[Supplied records]
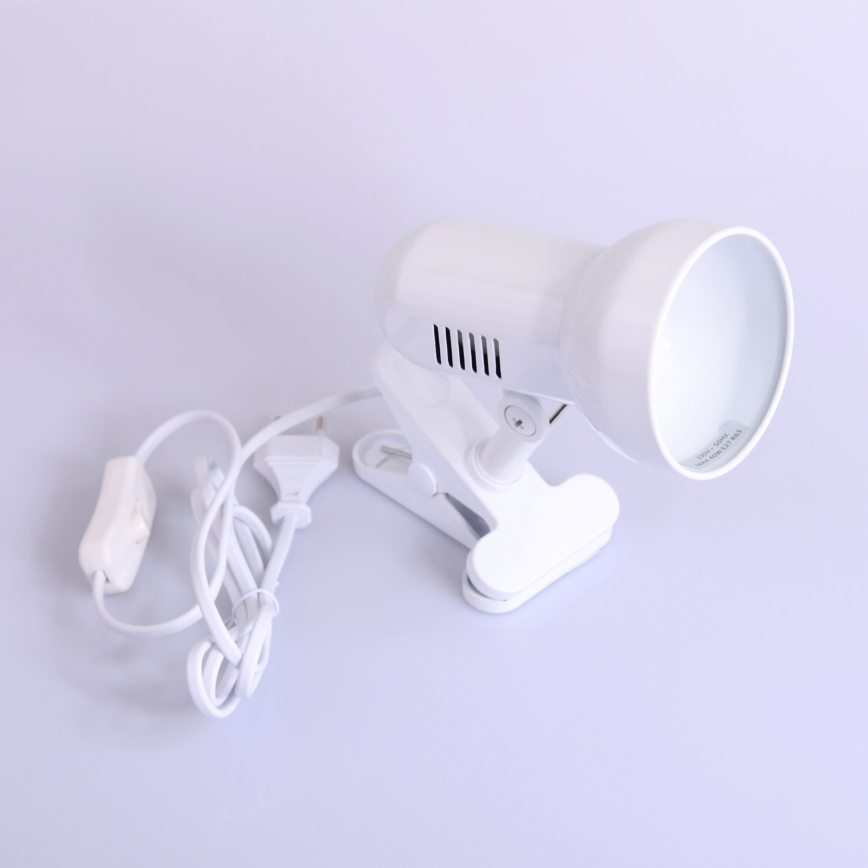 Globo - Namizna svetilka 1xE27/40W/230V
[/Supplied records]
[Supplied records]
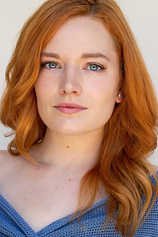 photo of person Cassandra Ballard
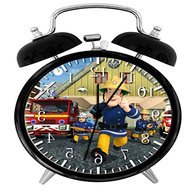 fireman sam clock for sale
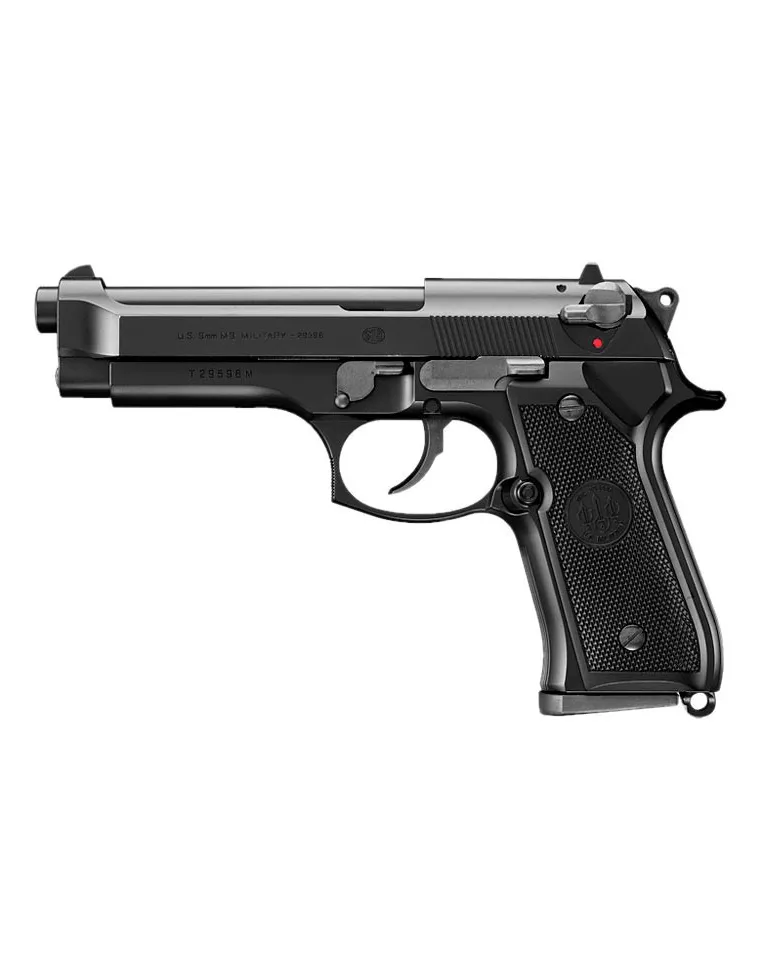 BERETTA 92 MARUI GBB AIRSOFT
[/Supplied records]
[Supplied records]
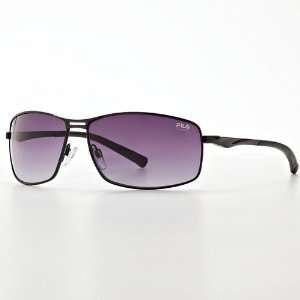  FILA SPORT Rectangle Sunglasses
[/Supplied records]
** Task brief **
Write out again exactly the lines above from the one with "fireman sam clock for sale" through the one with "BERETTA 92 MARUI GBB AIRSOFT", adding no other lines and no pictures.

** Exercise output **
 fireman sam clock for sale
 BERETTA 92 MARUI GBB AIRSOFT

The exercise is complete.